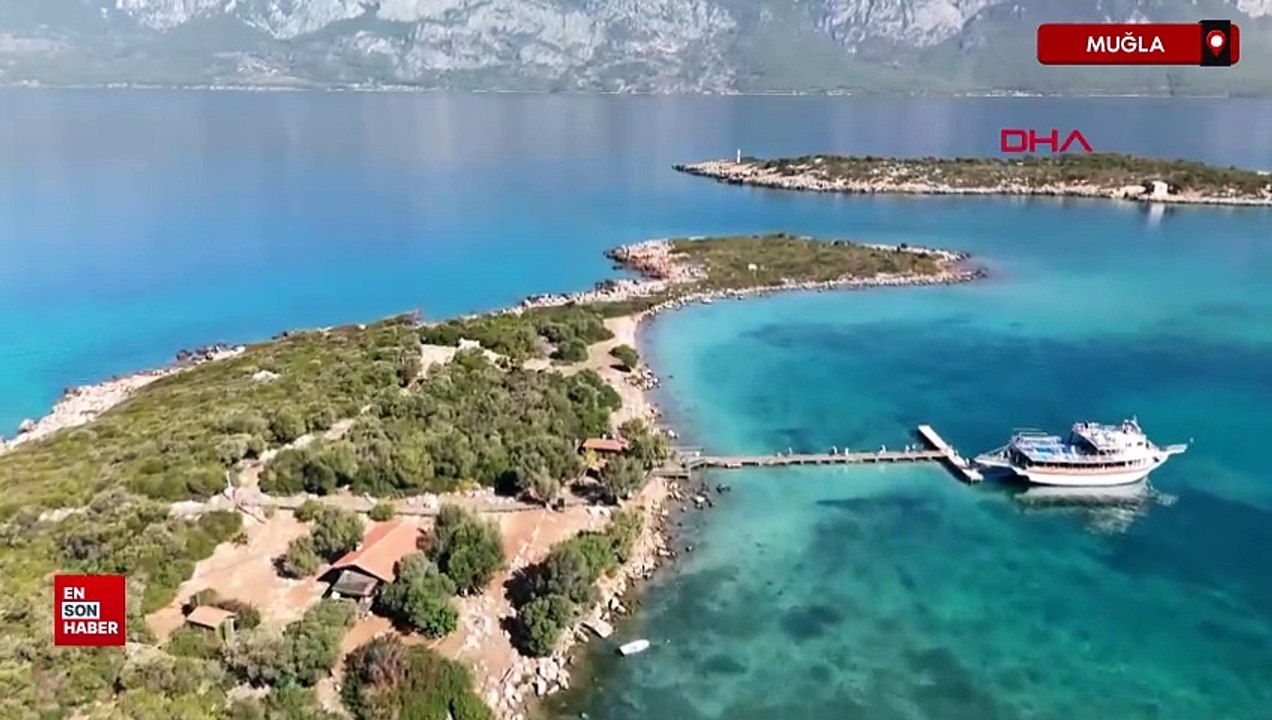 Muğla'da koruma altında olan ünlü Sedir Adası h...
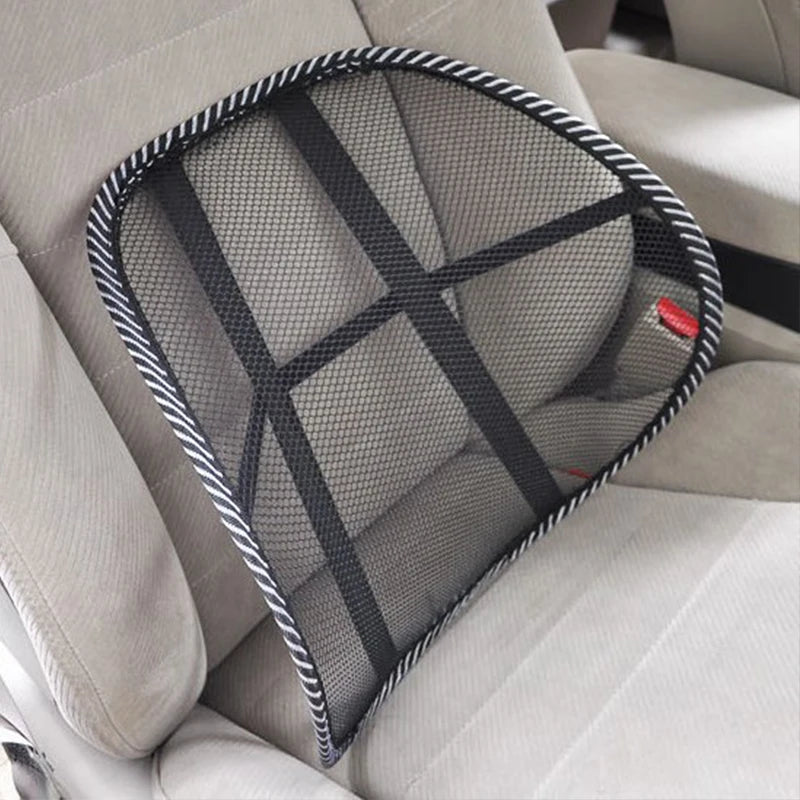 Car Seat Chair Back Cushion Mesh Lumbar Back Brace
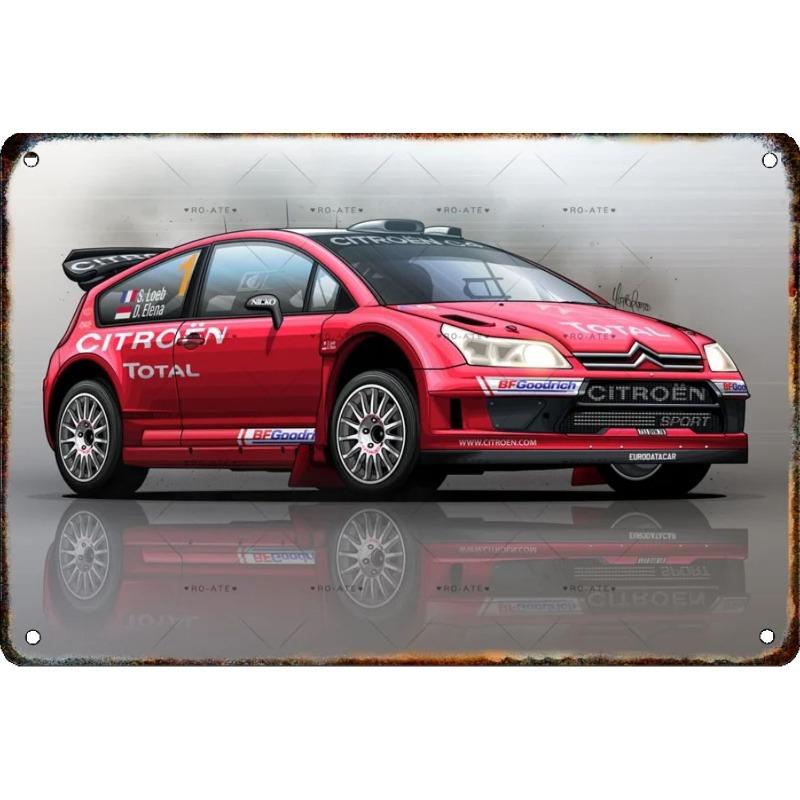 Kovová nástěnná cedule Bar v garáži, Dekorativní plaketa do interiéru auta 20x30cm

- Task instructions -
Text only, please: give the listing again word for word with no images.

- Solution below -
 Muğla'da koruma altında olan ünlü Sedir Adası h...
 Car Seat Chair Back Cushion Mesh Lumbar Back Brace
 Kovová nástěnná cedule Bar v garáži, Dekorativní plaketa do interiéru auta 20x30cm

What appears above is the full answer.